==== DATA EXCERPT ====

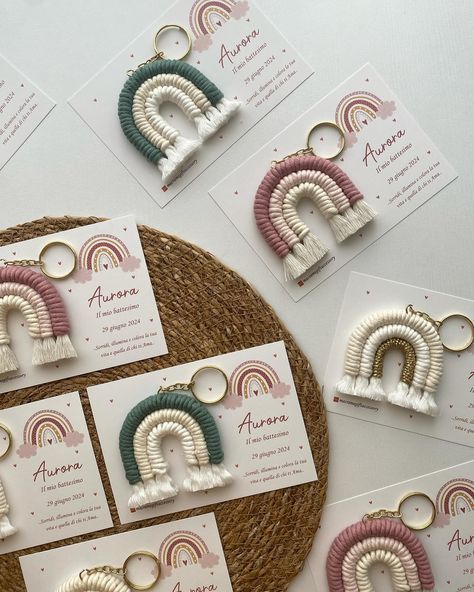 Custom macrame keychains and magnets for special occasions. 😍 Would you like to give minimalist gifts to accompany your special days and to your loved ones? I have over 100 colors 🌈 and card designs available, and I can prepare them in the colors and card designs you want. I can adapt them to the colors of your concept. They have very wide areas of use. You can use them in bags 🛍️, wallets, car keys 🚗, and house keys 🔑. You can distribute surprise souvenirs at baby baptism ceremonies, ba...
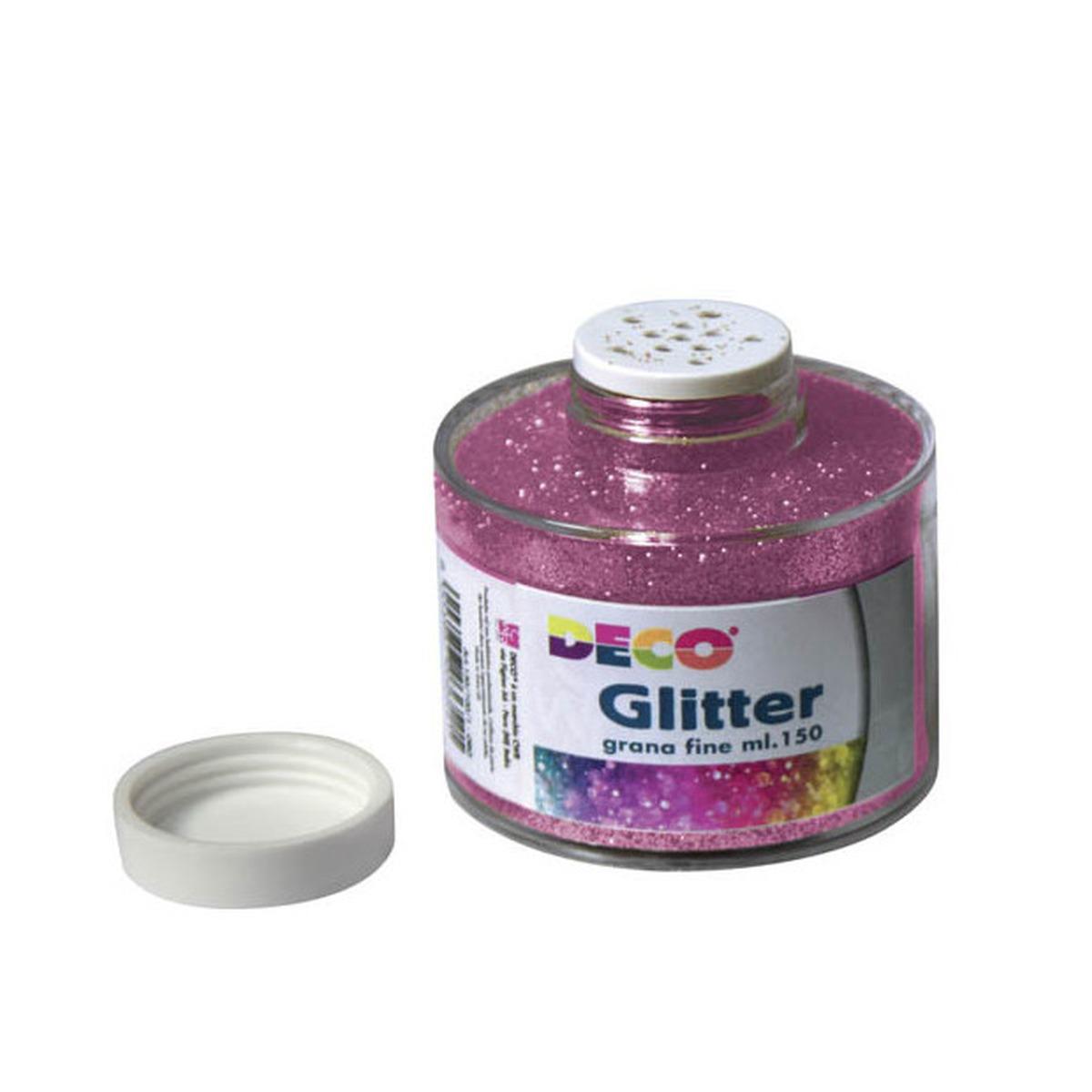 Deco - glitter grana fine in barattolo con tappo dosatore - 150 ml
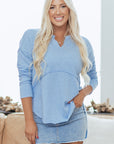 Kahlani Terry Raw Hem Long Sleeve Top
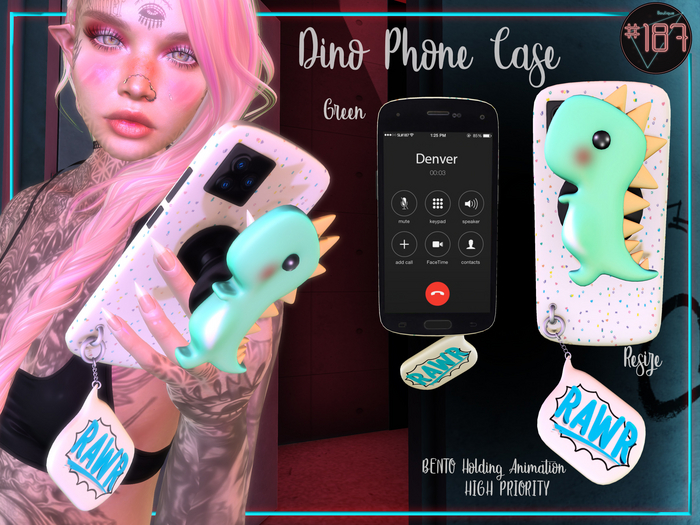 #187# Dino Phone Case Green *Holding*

====

YOUR GOAL: Only the lines from the one containing "Deco - glitter" through the last line of the data above, both included, belong in the reply, each restated exactly and without pictures.

WRITTEN SOLUTION:
 Deco - glitter grana fine in barattolo con tappo dosatore - 150 ml
 Kahlani Terry Raw Hem Long Sleeve Top
 #187# Dino Phone Case Green *Holding*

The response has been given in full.